Where is Israel Heading in Regards to Arabs?

Prof. As’ad Abdul Rahman

A majority of the Israeli/Jewish community is currently characterized by the ‘Jewish spirit’ associated with fanatical Zionist nationalism which fostered a culture of hatred against ‘the other’ regarding him as inferior. This took routs when Judaism turned from a religious creed to a Jewish one with hostile sentiments as clearly perceived in the policies of the government of Benjamin Netanyahu. Former Israeli cabinet minister Uri Savir better describes this government as “basically the opposite of everything, looking for conflict and dispute and is full of hatred and racism. It is a government of settlement (i.e. colonization) and annexation endangering Israel’s Jewish and democratic identity, isolating it from the world. The continuation of such a policy will lead us into a Greek tragedy”.

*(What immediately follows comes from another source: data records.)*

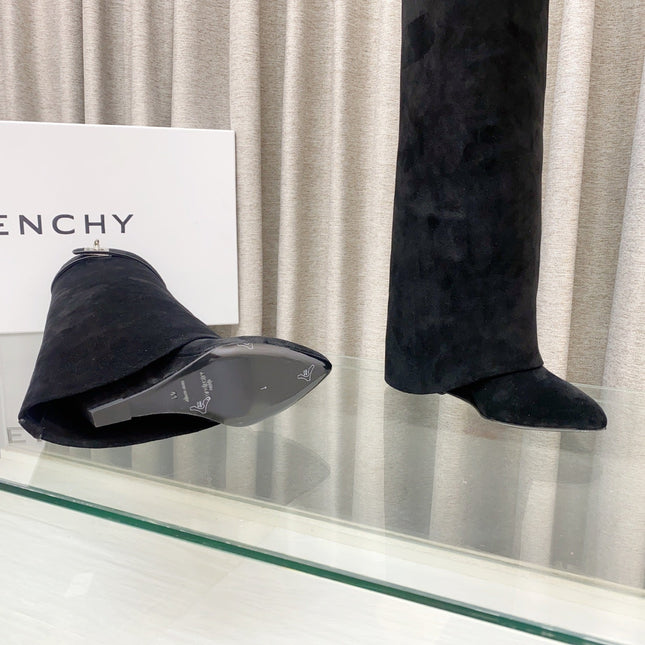 SHARK LOCK BOOTS 95 IN BLACK SUEDE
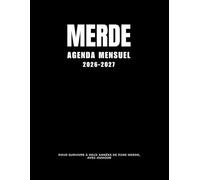 Merde Agenda mensuel 2026-2027, Pour survivre à deux années de pure merde, avec humour: Organiseur mensuel 2026-2027 pour femmes - 2 ans pour ... (ou essayer), avec humour et mandalas inclus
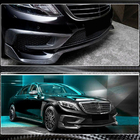 Mercedes S-class W222 2013–2022 Frontspoilerlip (för S63 AMG 2014-2017, kolfiber) foto 3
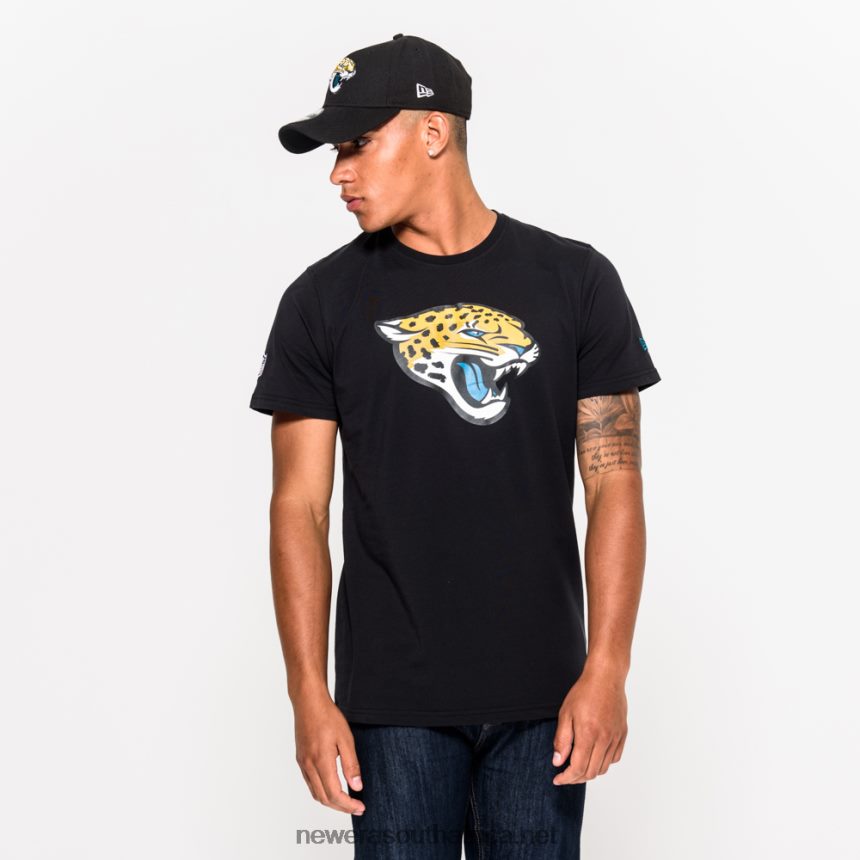 Jacksonville Jaguars Team Logo Black T-Shirt New Era TRBRBN3078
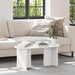 Kaffebord Hvit 80 x 39,5 x 35 cm Massivt furutre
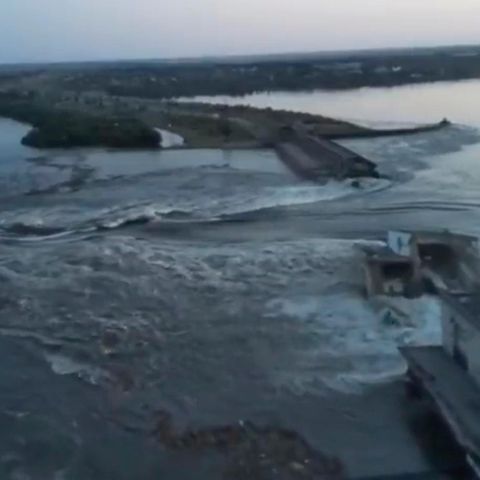 Kachowka-Staudamm in der Ukraine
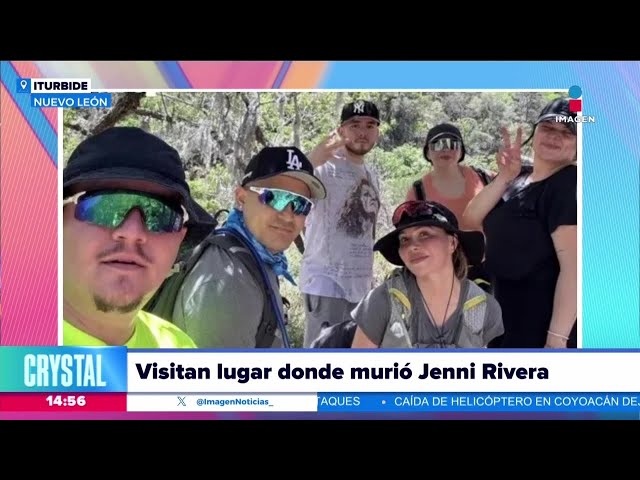 Hijos de Jenni Rivera visitan el lugar donde su madre perdió la vida | Noticias con Crystal Mendivil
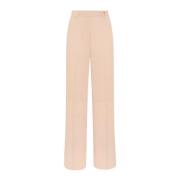 Zijden Rechte Pijp Broek Kiton , Pink , Dames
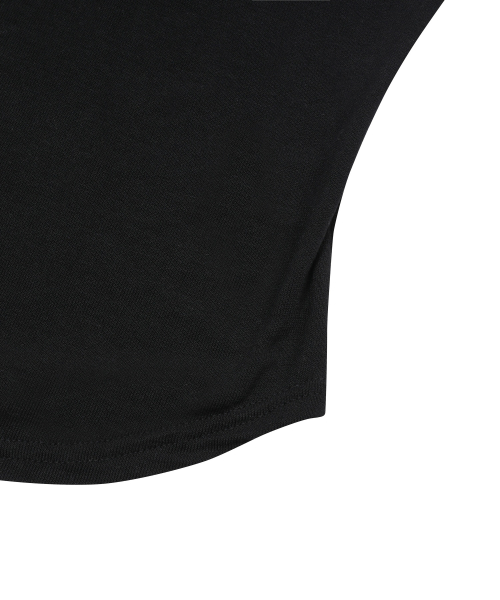 Haring signature logo snap button u-neck sleeveless (5Color)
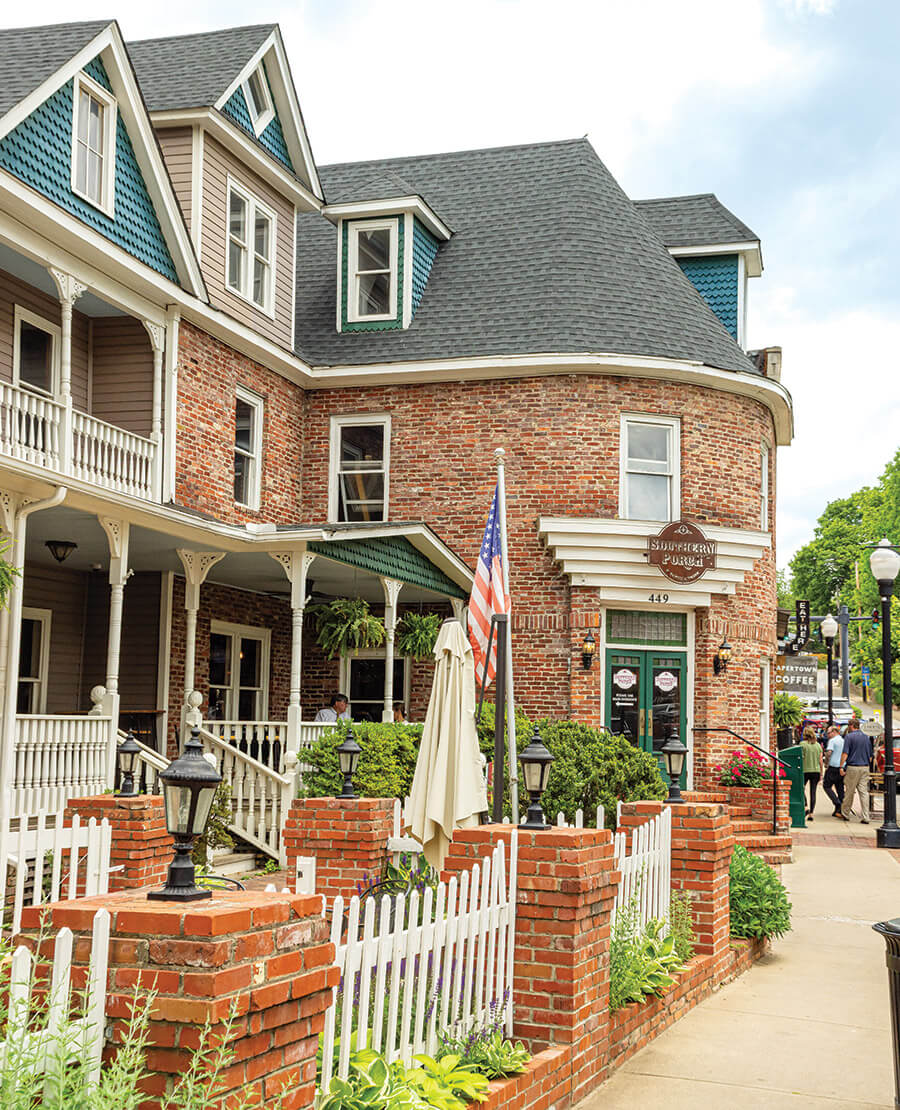 Exterior of Southern Porch in Canton, NC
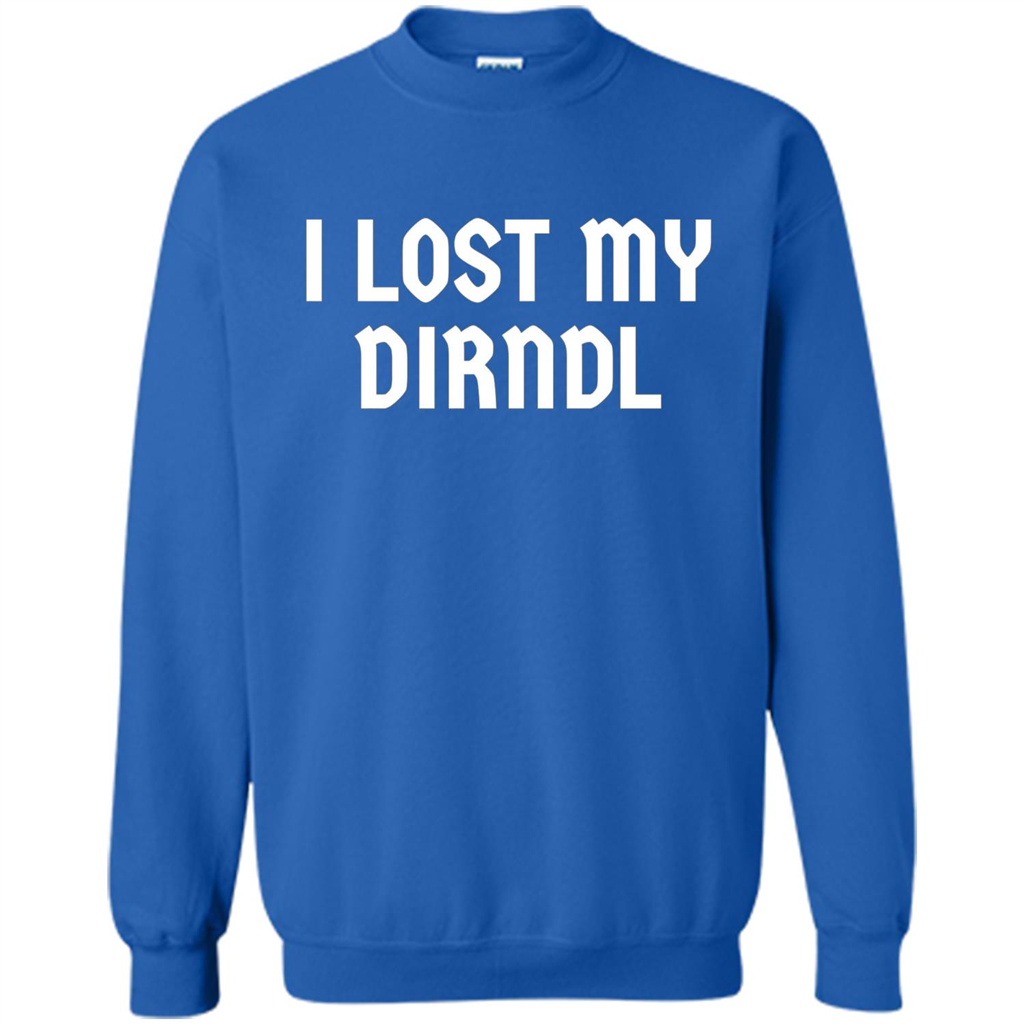 I Lost My Dirndl Oktoberfest Beer Party T-Shirt Royal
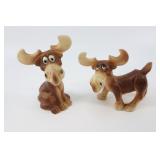 Ceramic Moose Salt & Pepper Shaker Set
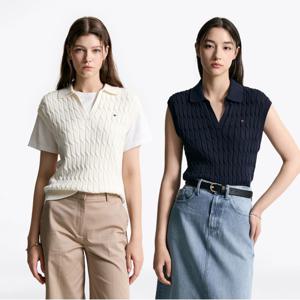 타미힐피거 케이블 오픈 폴로 베스트 2종 택1 (T22F6KTO031WT2)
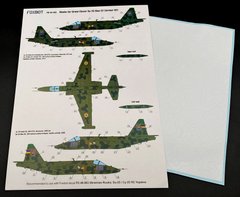 Маски для камуфляжа "клевер" 1/48 на самолет Су-25, голубой 22 (бывший 02), ВВС Украины Foxbot F, В наличии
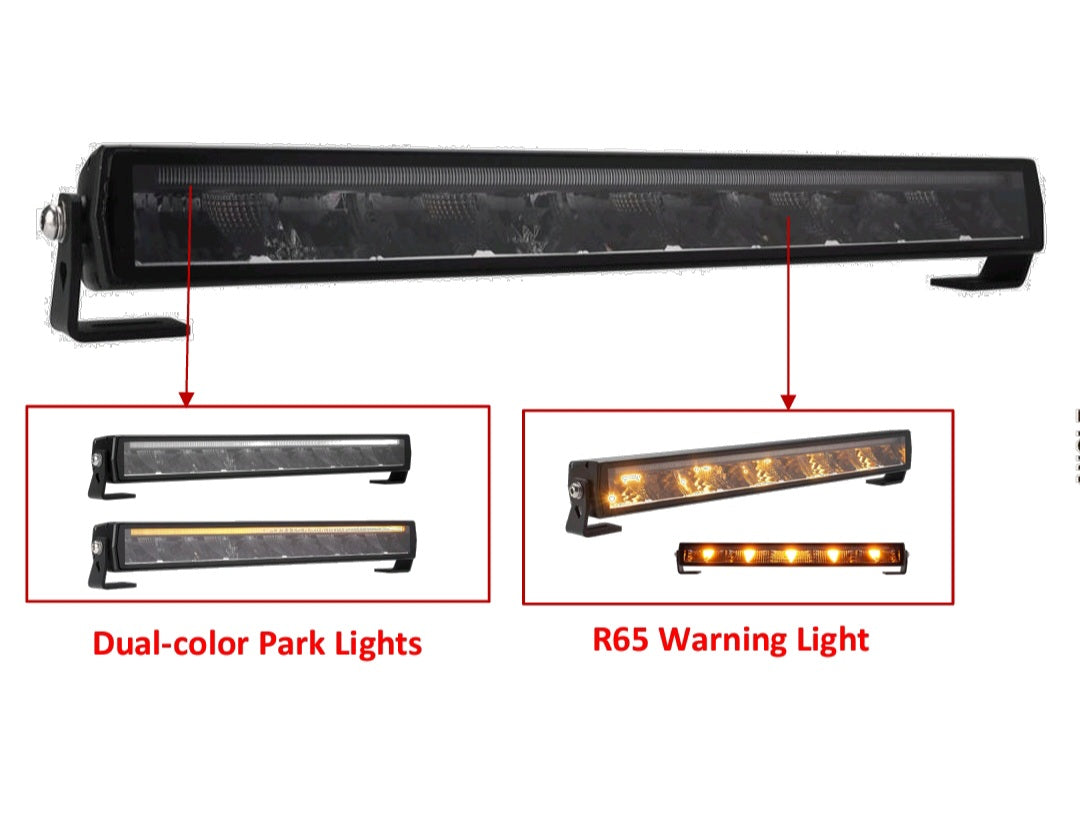 ECLIPSE. 22" Light Bar. Dual DRL. STROBE Function. 11,000 Lumen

Increasing number of politicians, professors, journalists and observers have notices that Israel has moved at an accelerated pace towards the consolidation of fascism, racism and extremism within the Israeli society and the state institutions which may ensure the survival and continuity of the extreme right in power for years to come, which reflects on the Palestinian people in historic Palestine, both in the 1967 occupied territory and the Arab lands occupied in 1948. It is quite obvious that it is a state shifting quickly towards extremism and violence on a daily basis against all that is Palestinian, as if the Israeli man learns since his birth that death is equivalent to seeing a Palestinian breathes, and that killing him is not a significant matter. Currently a large proportion of the Israeli society is recklessly dealing (almost accepting) with the Israeli soldiers’ acts of discrimination, killing and torture against the Palestinian people. In this regard, Haaretz journalist Gideon Levy describes such a situation saying that “the state would be angry if a Jewish man is killed by security forces according to a pre-conceived ethnic/political categorization and if the victim is Ethiopian, the fuss is less, if he is Haredi (fanatic Jew) it will be louder. But if he was a settler, this would be the end of the world! Main headlines: An inquiry commission, a settlement outpost carrying his name in compensation and a day devoted to his memory defined in the law. But what a coincidence: the demonstrators that are shot and killed in Israel are always Arabs, as well as the thieves who are always shot and killed are almost Arabs. What an amazing coincidence!”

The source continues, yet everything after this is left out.